Dans les deux cas, prévalent de grossiers préjugés qui réduisent la femme africaine aux fantasmes sexuels projetés sur elle par des anciens pays colonisateurs et esclavagistes. Ce sont, de toute évidence, ces fantasmes qui ont allumé la libido de Strauss-Kahn et peut-être amené cet homme à des actes de violence, suite au refus de Nafissatou Diallo de se plier aux fantasmes de l’ancien maire de Sarcelles. Pour plus de détails, on se reportera aux intéressants travaux de Yann Le Bihan, chercheur en psychologie sociale.

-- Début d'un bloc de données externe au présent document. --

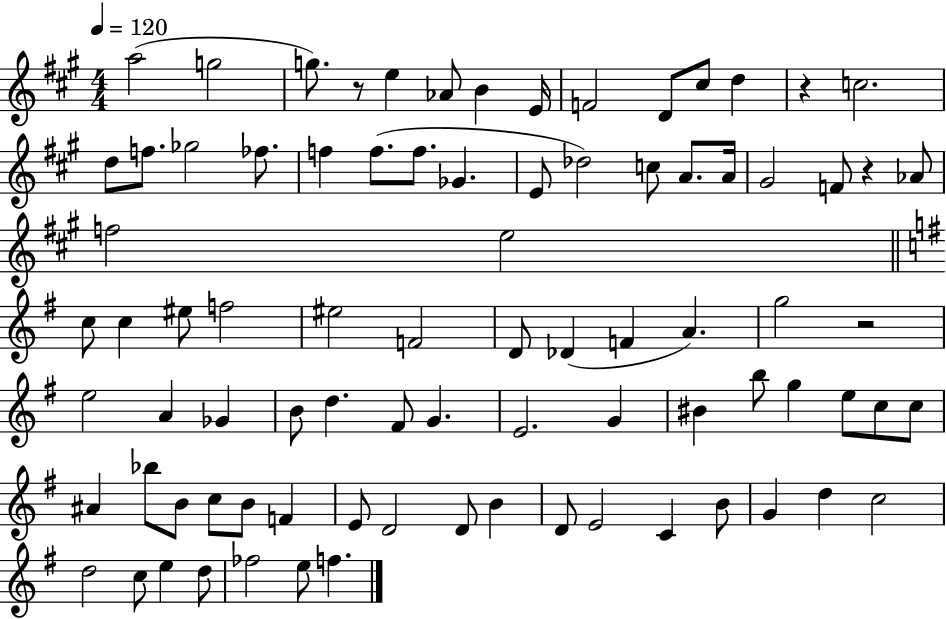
A5/h G5/h G5/e. R/e E5/q Ab4/e B4/q E4/s F4/h D4/e C#5/e D5/q R/q C5/h. D5/e F5/e. Gb5/h FES5/e. F5/q F5/e. F5/e. Gb4/q. E4/e Db5/h C5/e A4/e. A4/s G#4/h F4/e R/q Ab4/e F5/h E5/h C5/e C5/q EIS5/e F5/h EIS5/h F4/h D4/e Db4/q F4/q A4/q. G5/h R/h E5/h A4/q Gb4/q B4/e D5/q. F#4/e G4/q. E4/h. G4/q BIS4/q B5/e G5/q E5/e C5/e C5/e A#4/q Bb5/e B4/e C5/e B4/e F4/q E4/e D4/h D4/e B4/q D4/e E4/h C4/q B4/e G4/q D5/q C5/h D5/h C5/e E5/q D5/e FES5/h E5/e F5/q.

Pendant un mois, Nafissatou Diallo a donc été hypocritement présentée comme une « vraie noire » issue d’un village africain utopique et en tout point conforme aux villages mis en scène dans les expositions coloniales des années trente. C’était une bonne musulmane, issue d’une famille respectée. En « bonne sauvage », elle était incapable de mentir. Tout a basculé en quelques heures. Nafissatou Diallo est devenue une « fausse noire » vénale pervertie par le contact avec la société américaine et incapable de s’acculturer, du fait de son « infériorité » naturelle. On a insisté sur l’argent dépensé pour des soins jugés futiles pour une « vraie noire » – coiffure, instituts de beauté. Bien sûr, il a tout de suite été affirmé que le financement de ces dépenses futiles était assuré par des hommes. Nafissatou a été immédiatement traitée de prostituée par toute la presse occidentale, en précisant qu’il s’agissait d’une « filière guinéenne » pour replacer la prostitution dans un contexte spécifiquement africain. Les calomnies distillées par les avocats et communicants de Strauss-Kahn dans le peu reluisant New York Post étaient reprises presque sans réserves dans Libération et même dans Le Monde. Des conversations téléphoniques, jamais rendues publiques, mais citées par de mystérieuses sources « proches du dossier » révélaient que Nafissatou avait des liens avec des trafiquants de drogue (qui eux, soit dit en passant, ne semblent pas profiter de la présomption d’innocence). Bien sûr, la « fausse noire » avait tout de suite flairé la bonne affaire et appelé son complice – noir évidemment – pour en parler avec lui.
Il ne manque plus à Nafissatou, pour faire bonne mesure et confirmer la théorie du complot international, que l’imputation de relations avec des terroristes islamistes. Ce qui, finalement, va peut-être venir. On compte sur Taylor, Brafman et Khiroun pour nous régaler encore de leurs affabulations et de leurs bobards.